(Exercise data)

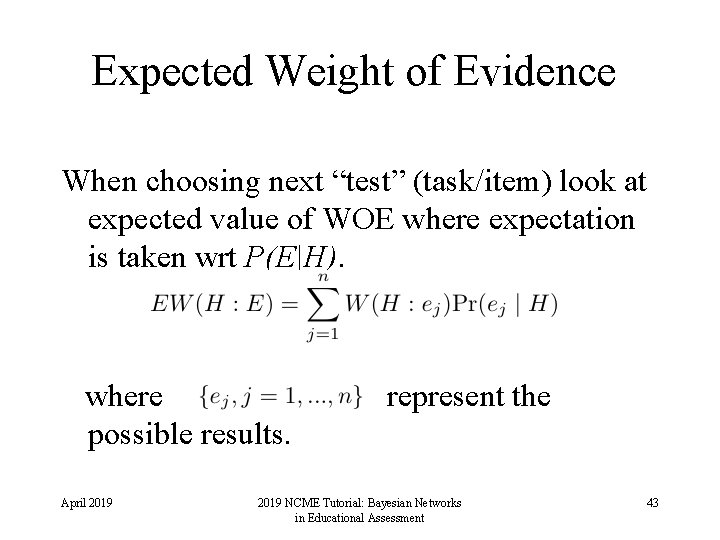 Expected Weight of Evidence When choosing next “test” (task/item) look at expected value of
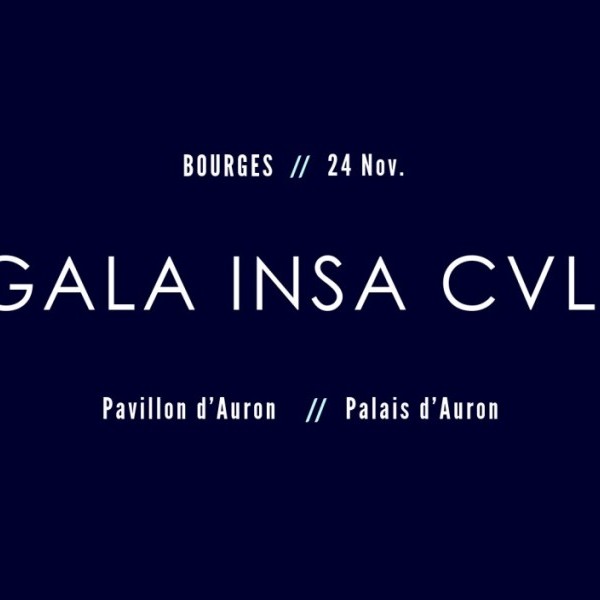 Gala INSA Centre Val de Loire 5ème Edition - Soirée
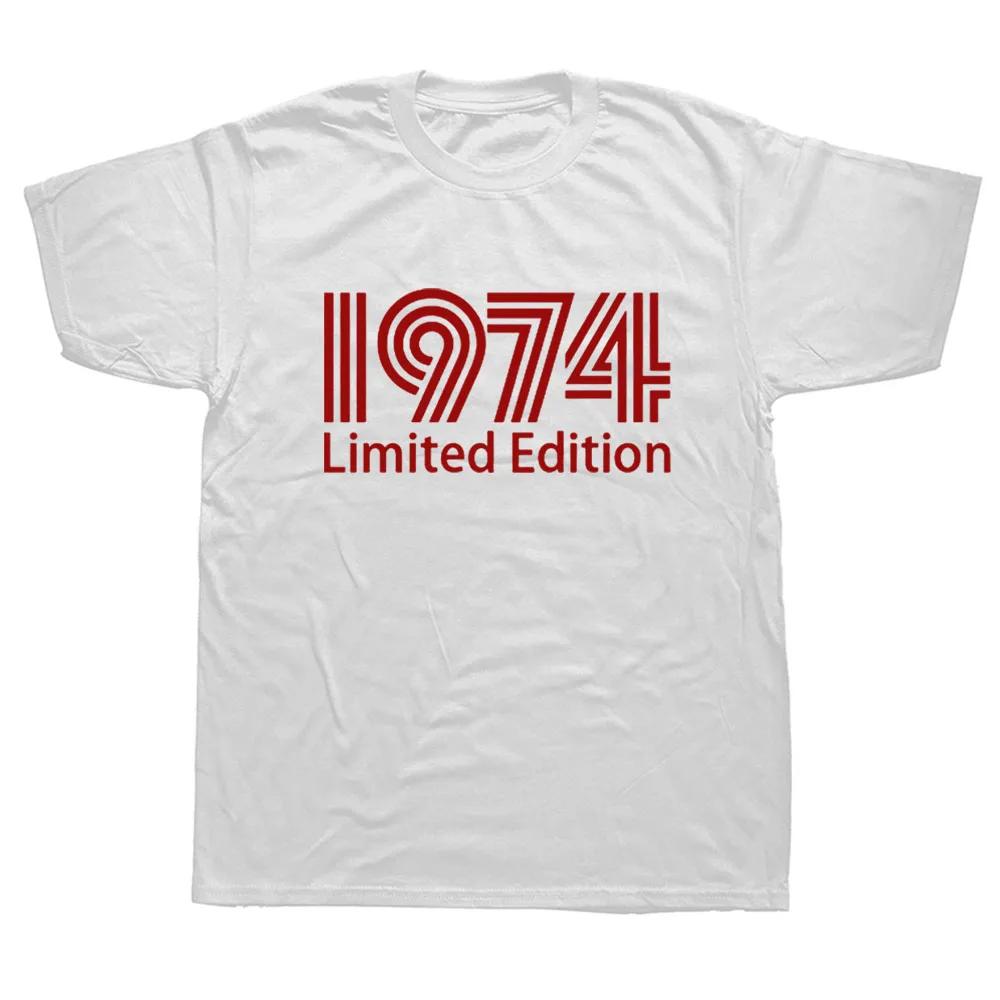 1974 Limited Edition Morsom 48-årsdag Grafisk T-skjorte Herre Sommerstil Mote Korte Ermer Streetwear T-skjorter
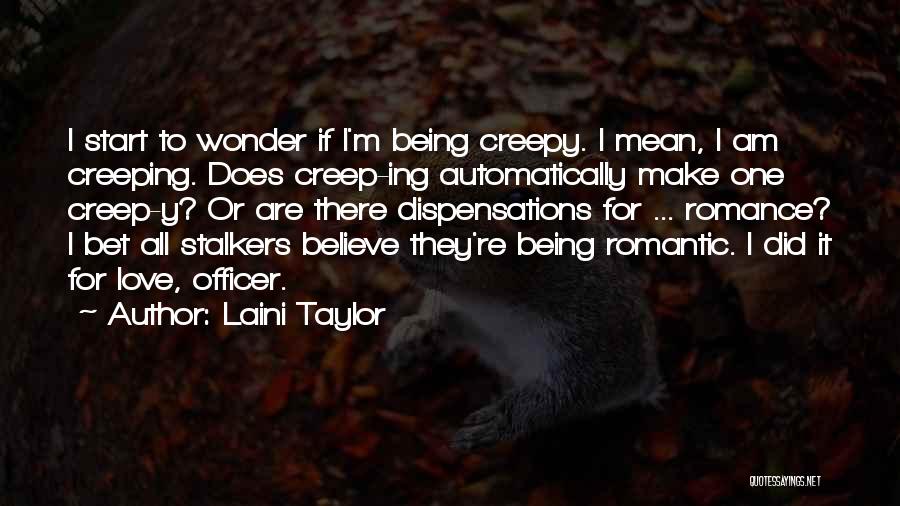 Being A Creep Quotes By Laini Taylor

(End Exercise data)

Work task — Where the line containing "1974 Limited Edition" appears, begin writing out the lines word for word, and continue through the last line of the data, leaving out pictures.

Response for this exercise —
 1974 Limited Edition Morsom 48-årsdag Grafisk T-skjorte Herre Sommerstil Mote Korte Ermer Streetwear T-skjorter
 Being A Creep Quotes By Laini Taylor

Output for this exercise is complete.